Jul 03 2012
By Robin Bradford
Virginia is a sweltering place to be in July. I know because I worked as a camp counselor one summer in the Prince Williams forest near Alexandria, VA, teaching inner-city teens from our nation’s capital how to swim in the nearby Shenandoah River. That summer I witnessed a 14-year-old boy’s fear turn to delight at learning the haunting cry that pierced the thick night was simply a bullfrog looking for love.
It was in such summer dog days, 236 years ago, that our nation’s leaders declared independence from Great Britain. It was actually July 2nd - it took two days for the “Declaration of Independence” to be tweaked and signed. “When in the Course of human events, it becomes necessary for one people to dissolve the political bands which have connected them with another . . .” the poetic document begins. The summer of 1776 was the original “Arab spring,” when brave and idealistic young men drew on the rich ideas of philosophers and thinkers to draft the first document that told everyone what it was to be an “American.”

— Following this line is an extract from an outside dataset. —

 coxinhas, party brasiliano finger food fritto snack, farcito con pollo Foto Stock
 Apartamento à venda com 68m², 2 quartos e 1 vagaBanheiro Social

Photo by ArnyZona Photography
“We hold these truths to be self-evident,” they boldly declared after listing their grievances with the British Crown, “that all men are created equal, that they are endowed by their Creator with certain unalienable Rights, that among these are Life, Liberty and the pursuit of Happiness.” Their idealism wasn’t perfect, of course. To expand these rights beyond white men would require entire new movements led by even more courageous leaders and several amendments to the U.S. Constitution. But think of it: this document announced the grand vision that in this new country everyone deserved to live freely and pursue happiness. If you were a born a chambermaid, you needn’t die as one. If you can dream it, you can become it. It was a big hairy audacious goal that’s key to American ideals.
But that’s not all the first blueprint for our country says. The following line is just as bold and essential to what it means to be an American: “ . . . we mutually pledge to each other our Lives, our Fortunes, and our sacred Honor.” In other words, we can’t do it alone and we’re all connected. E pluribus unum, my friend.
So when we tie red-white-and-blue ribbons on our children’s bikes for the neighborhood parade, fly the flag, or gather with friends to watch fireworks, recall the true spirit of the day. We are bound together as Americans. That means as we pursue our little slices of happiness, we must also pledge part of our lives and fortunes to others. Whether it’s checking on how an elderly neighbor is doing in the summer heat, signing up to become a CASA volunteer or clicking the donate button for your favorite cause—this is exactly what it means to be an American. The true spirit of the 4th of July isn’t about wearing patriotic colors and lighting firecrackers, it’s helping others and giving.